Guided Tissue Regeneration (GTR) is used to facilitate wound healing while simultaneously preventing non-desirable, faster tissues from migrating into a wound. A nonresorbable or resorbable membrane barrier inhibits invasion of long junctional epithelium and gingival connective tissue, allowing cells from the periodontal ligament and bone to repopulate the periodontal defect. Vertical or intra-bony defects are good candidates for GTR. The prognosis for the procedure is poor in cases with poor oral hygiene, excessive mobility, or horizontal bone loss. GTR uses a variety of barrier membranes to cover the bone and periodontal ligament prior to flap replacement, including:

Expanded polytetrafluoroethylene (ePTFE) membrane (e.g. Gore-TEX).
Collagen – Type I and III collagens derived from porcine, bovine, and human sources.

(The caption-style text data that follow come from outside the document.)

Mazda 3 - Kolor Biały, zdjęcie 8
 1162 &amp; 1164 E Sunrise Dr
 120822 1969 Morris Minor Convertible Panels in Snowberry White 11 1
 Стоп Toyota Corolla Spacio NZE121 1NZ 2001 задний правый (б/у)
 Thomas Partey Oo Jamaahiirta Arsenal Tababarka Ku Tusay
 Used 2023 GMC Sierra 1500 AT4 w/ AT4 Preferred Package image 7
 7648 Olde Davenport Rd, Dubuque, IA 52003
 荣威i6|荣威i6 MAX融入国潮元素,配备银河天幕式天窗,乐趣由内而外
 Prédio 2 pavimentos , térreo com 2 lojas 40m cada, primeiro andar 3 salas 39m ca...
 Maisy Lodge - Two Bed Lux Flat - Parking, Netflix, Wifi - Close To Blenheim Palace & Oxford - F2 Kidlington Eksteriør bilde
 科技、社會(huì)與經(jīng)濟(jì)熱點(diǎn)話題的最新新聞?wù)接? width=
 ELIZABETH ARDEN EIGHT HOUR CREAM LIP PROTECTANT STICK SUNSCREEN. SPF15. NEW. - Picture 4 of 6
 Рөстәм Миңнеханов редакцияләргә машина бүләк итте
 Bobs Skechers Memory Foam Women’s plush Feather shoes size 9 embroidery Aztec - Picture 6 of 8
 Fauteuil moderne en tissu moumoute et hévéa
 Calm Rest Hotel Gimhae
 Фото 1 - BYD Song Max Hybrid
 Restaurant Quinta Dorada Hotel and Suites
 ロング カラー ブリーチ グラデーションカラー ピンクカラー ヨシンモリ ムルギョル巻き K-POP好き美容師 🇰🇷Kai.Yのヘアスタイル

Silk fibroin membrane – a structural protein of silk material.
Synthetic polymers – aliphatic polyesters such as polylactic acid (PLA) and polyglycolic acid (PGA). Synthetic polymers degrade by enzymatic hydrolysis.

Collagen membranes tend to be the most widely used, but are expensive, exhibit weak tensile strength in wet conditions, and are prone to rapid degradation. Most synthetic polymers are poorly biodegradable and require removal after bone regeneration.